◆ **EXERCISE DESCRIPTION**
Omit all pictures, and print word for word only the lines from the one containing "Empate infinito del" through the end of the data.

◆ **DATA SHOWN**
<<<<

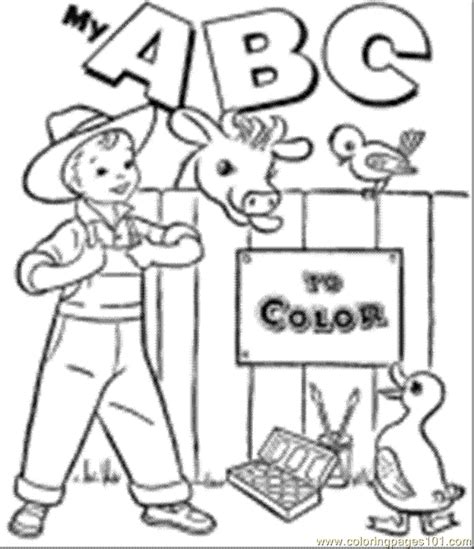 Free a z alphabet coloring pages to print for kids. Abcs Sml Coloring Page - Free Shapes Coloring Pages ...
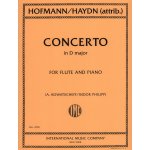 Image links to product page for Concerto in D major for Flute and Piano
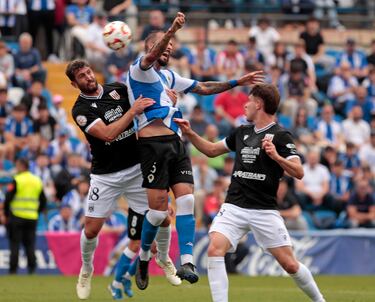 Empate infinito del Castilla y récord del Ceuta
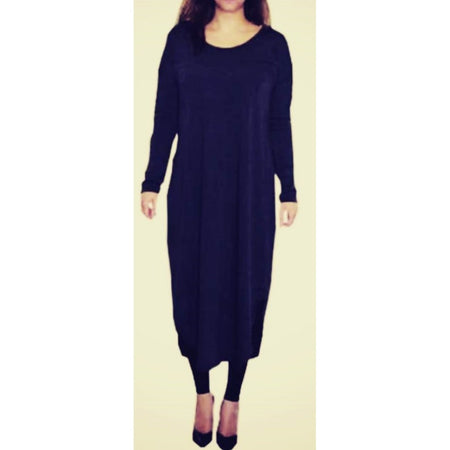 FLOATER DRESS BURGUNDY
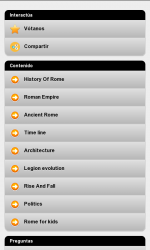 Screenshot 1 Learn Rome History windows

>>>>

◆ **SOLUTION BELOW**
 Empate infinito del Castilla y récord del Ceuta
 FLOATER DRESS BURGUNDY
 Screenshot 1 Learn Rome History windows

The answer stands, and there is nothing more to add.